The War Department thus created sixteen armored divisions during World War II. It selected Fort Benning, Georgia, as the home base for the 2nd Armored Division, which was activated there on July 15, 1940.

Among the core units attached to the 2nd Armored Division was the 17th Armored Engineer Battalion, whose job was, among other tasks, to design and construct the pontoon bridges across which heavy armor would be driven. The officer appointed to command the 17th Armored Battalion at Fort Benning was Howard Peckham, and Fort Benning was the destination to which we drove in August 1940. In October 1941, about four weeks after his promotion to lieutenant colonel, Howard Peckham was detailed to the General Staff Corps as Assistant Chief of Staff, G-3, of the 2ndArmored Division.
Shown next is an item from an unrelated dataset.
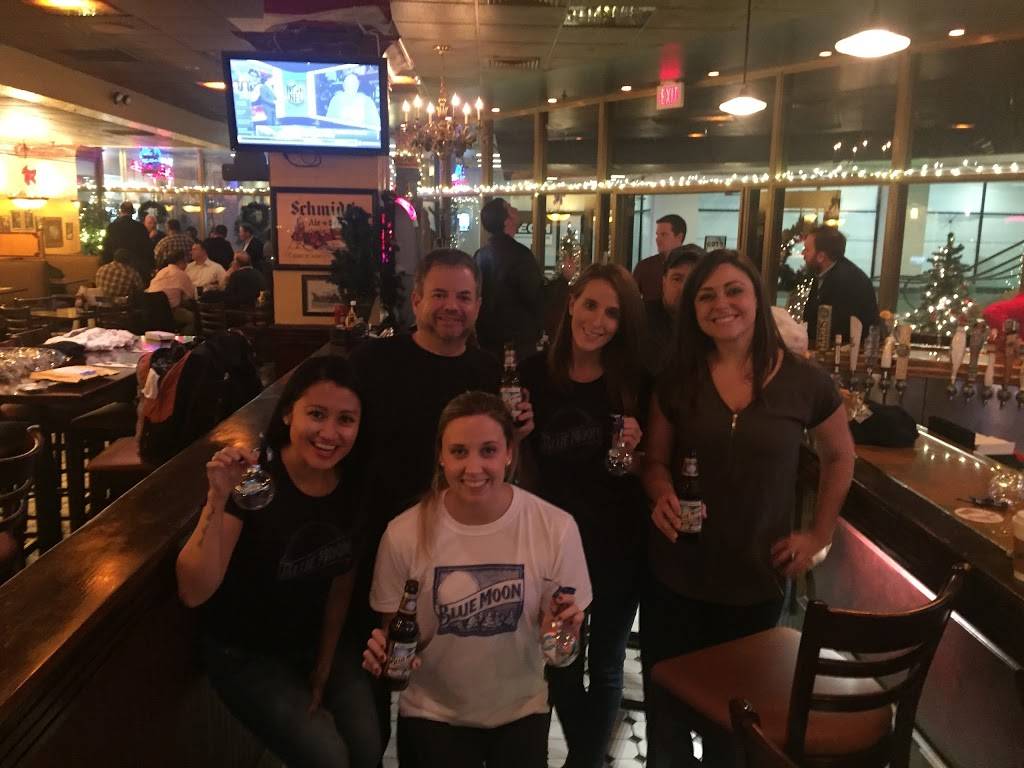 The American Pub | restaurant | Centre Square Building Concourse, 1500 Market St, Philadelphia, PA 19102, USA | 2676396104 OR +1 267-639-6104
As G-3, he was concerned with the dual functions of planning and operations.

In the following month, the last peacetime maneuvers for the division were held in the Carolinas. In Patton: A Study in Command, H. Essame writes that in an exercise in North Carolina, “Patton and the 2nd Armored Division completely outshone all others.”
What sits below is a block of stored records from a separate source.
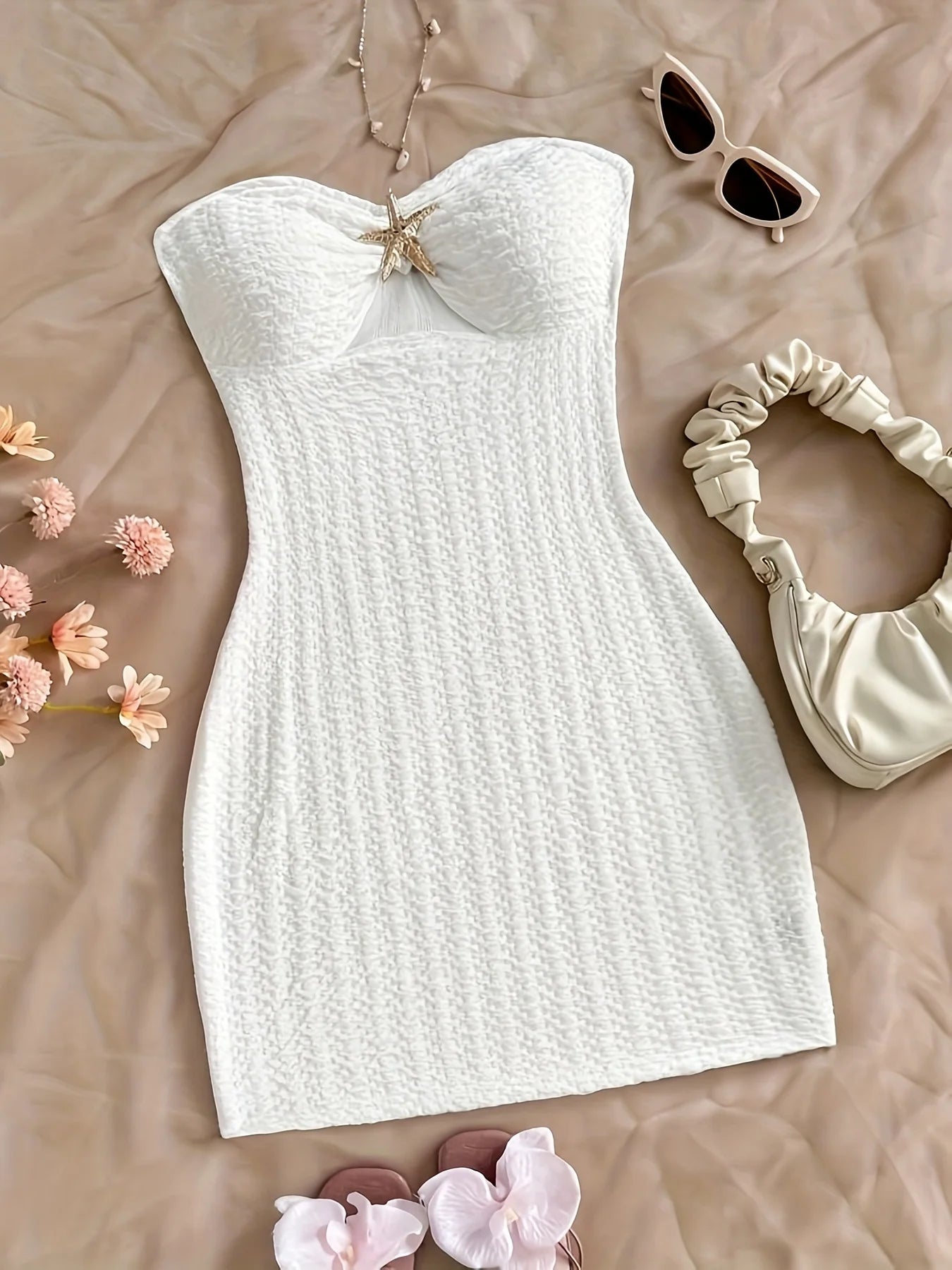 Elegant Knitted Women's Dress Pure Color Holiday Style with Metal Starfish Decoration Strapless Slim Fit Gown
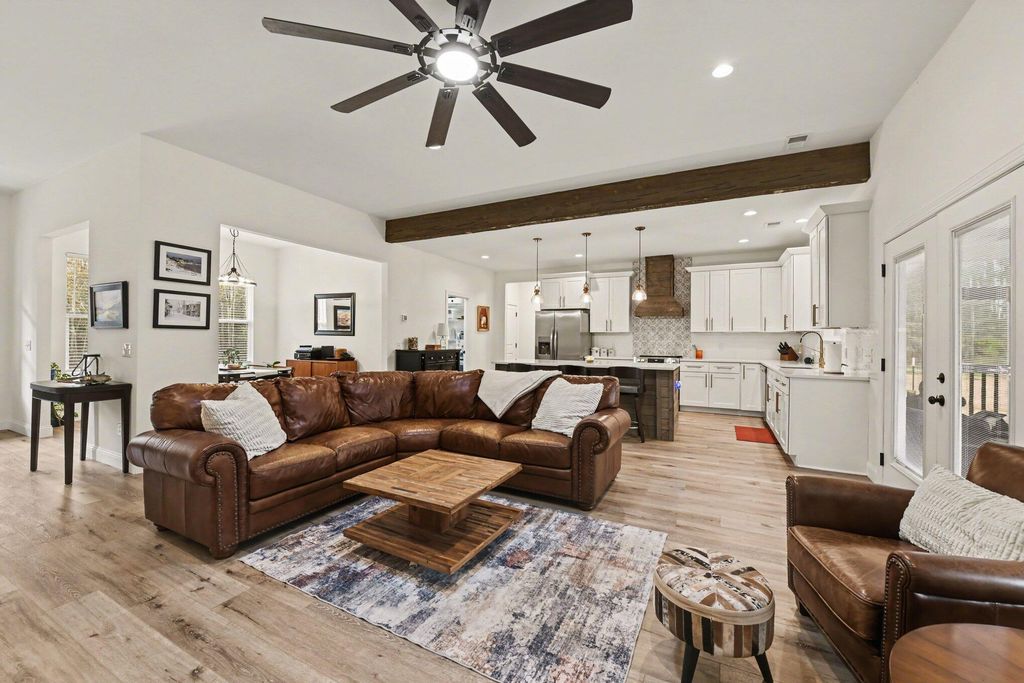 Image 8 of property listing at 2832 Edenborough Road, Johns Island, SC 29455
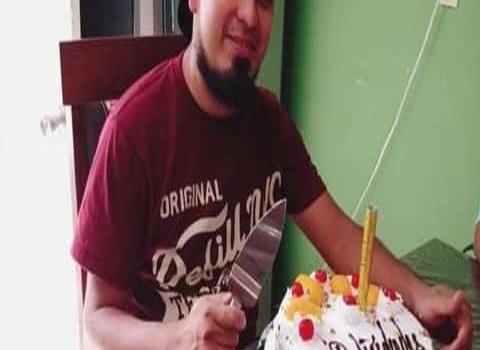 Eugenio disfrutó pastel de cumpleaños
In spite of the preparedness of the 2nd Armored Division, no one at Fort Benning was prepared for the startling events that occurred on the otherwise peaceful Sunday of December 7, 1941—especially not the wives and children.My mother was the first member of our family to hear the news. She had been listening to the radio when an announcer interrupted her program with a shocking report—the Japanese had made a sneak attack on America at Pearl Harbor in Hawaii.

Soon after the attack, the post commander (Omar Bradley) ordered troops from Benning to guard the bridges and electrical generating plants throughout Georgia.

Fears of sabotage or enemy attacks also resulted in the enforcement of air raid drills. When we heard sirens at night indicating that a drill was about to begin, Dad would often call out to my brother and me. “Turn off the lights!” he would shout. Like busy squirrels hunting for acorns, we would rush from room to room to check that they were all off. Then we would sit quietly in the bleak darkness of our home, as though sitting in a cave, until the signal came on again to indicate that the drill had ended.

[It’s interesting to note that George Patton served under Omar Bradley at Ft. Benning. As the war progressed, it would be the other way around.]

 Patch of the 2nd Armored Division worn by my father and the other men of the division.